A note: the table that describes the data structures (Field # | Description | Value) should also list the data type (uint8 uint16 int32 text etc.). If it's an enum ("Table Leaf"), reference other possible enum values. If its length depends on another field, reference that field No.

graemep 2 days ago

Very cool.

It would be nice if it tied the format in a bit more to the schema and data being shown, but that is a very minor gripe given how nice a tool this is.

NathanFlurry 2 days ago

I've been enjoying watching you build this on X – nice work.

  • invisal 2 days ago

    Thanks so much :)

mubou 2 days ago

This is really cool.

nraynaud a day ago

this is a wonderful learning tool, thank you.

throw0101d 2 days ago

Meta: always found it interesting that .dev was allowed to be a TLD:

* https://en.wikipedia.org/wiki/.dev

More on-topic: another online option:

* https://sqliteviewer.app

* https://inloop.github.io/sqlite-viewer/

Local app:

* https://sqlitebrowser.org

  • invisal 2 days ago

    This is a different tool—SQLite File Format Viewer is made for anyone interested in exploring the internal structure of SQLite.

  • pppone 2 days ago

    I really like the VS Code extension for sqliteview.app - [0]. It also offers an edit feature for a reasonable price, in my opinion.

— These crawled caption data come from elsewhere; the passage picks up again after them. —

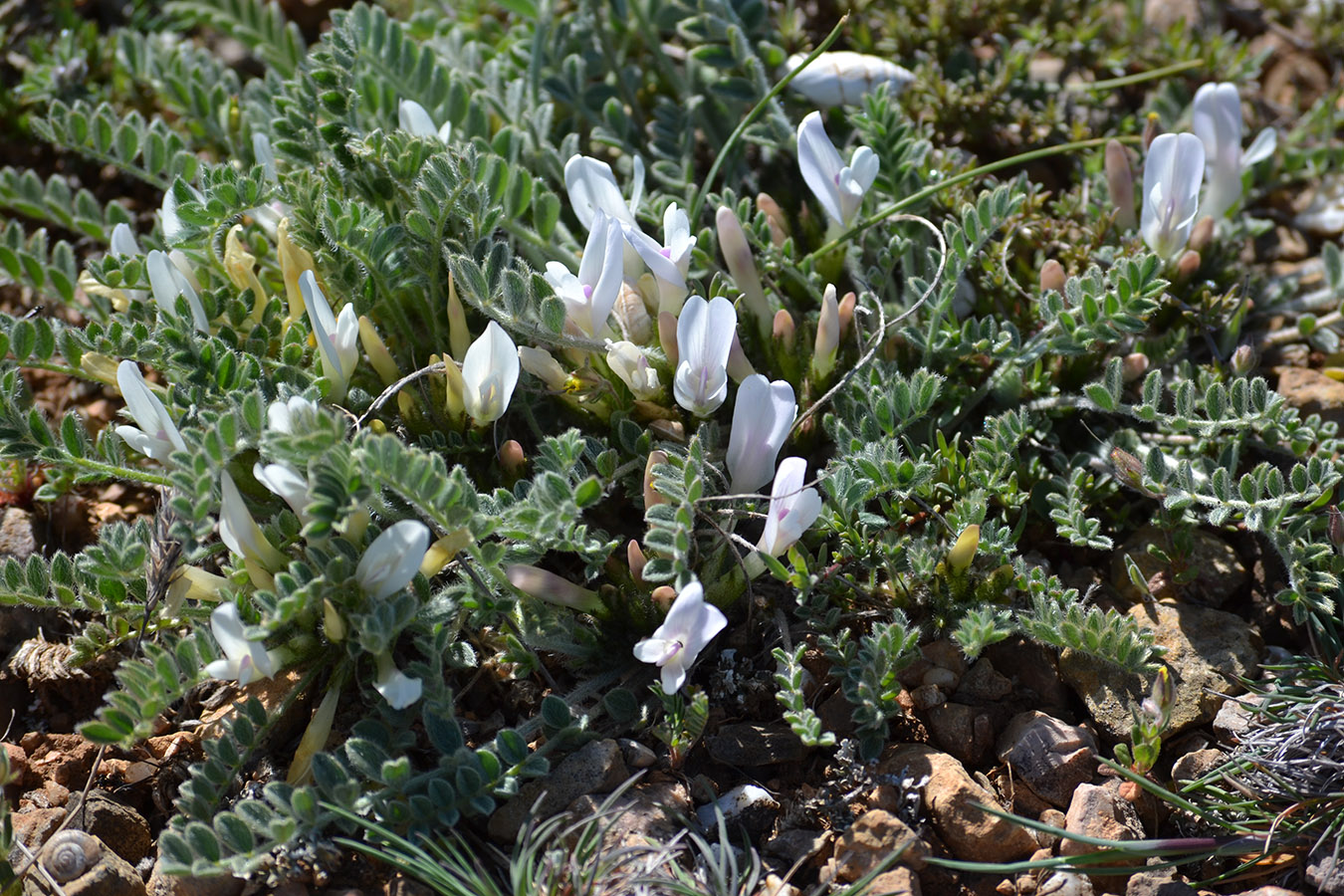 Изображение особи Astragalus rupifragus.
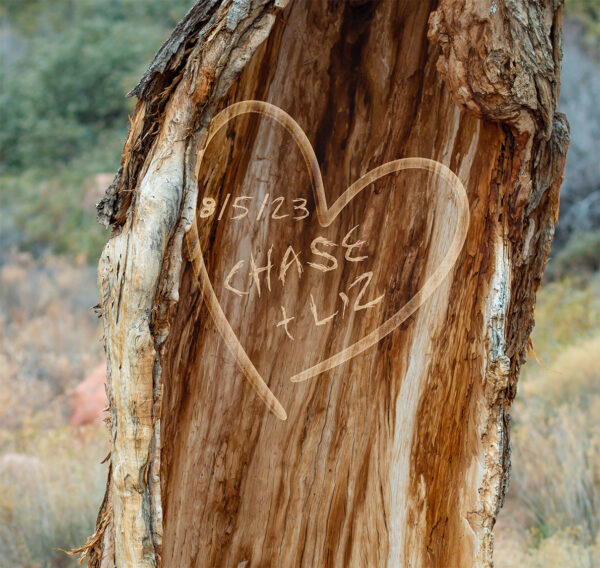 Desert Tree - Personalized Art for Couples (Weddings, Anniversaries) - Image 3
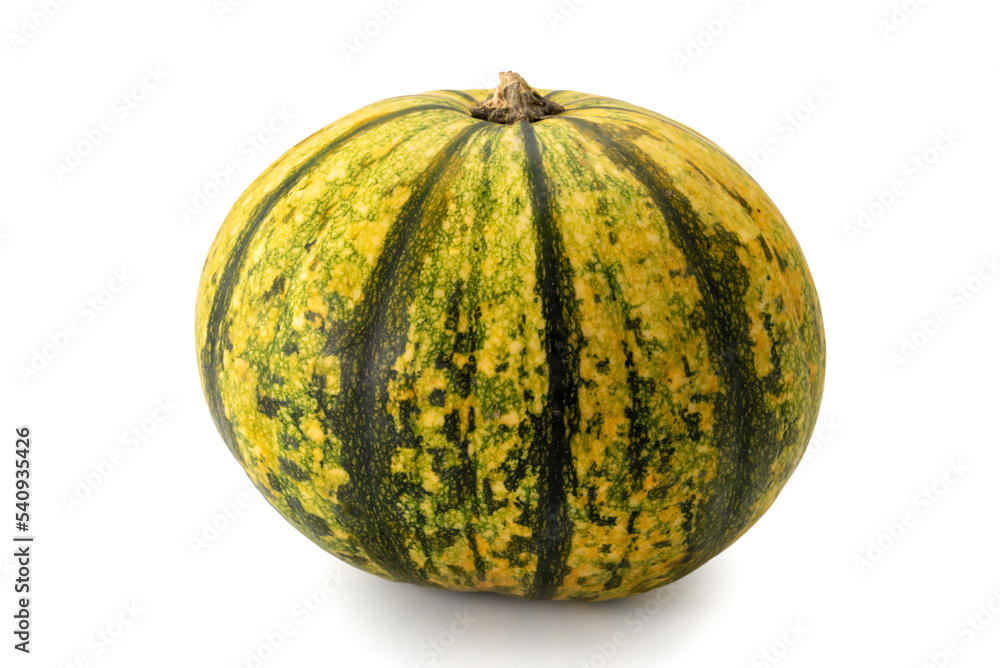 Round yellow pumpkin with green streaks., ornamental isolated on white, clipping path Round yellow pumpkin with green streaks., ornamental isolated on white, clipping path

I'm curious if there are any competing editor alternatives.

    [0] - https://vscode.sqliteviewer.app/

    • Kwpolska 2 days ago

      The only reasonable price for editing a SQLite database is $0.

      • lupusreal 2 days ago

        Or $2000 for a perpetual license to the Sqlite Encryption Extension, if the database is encrypted ;)

        Honestly not a bad price if you're building it into a real product. Steep for hobbyists though.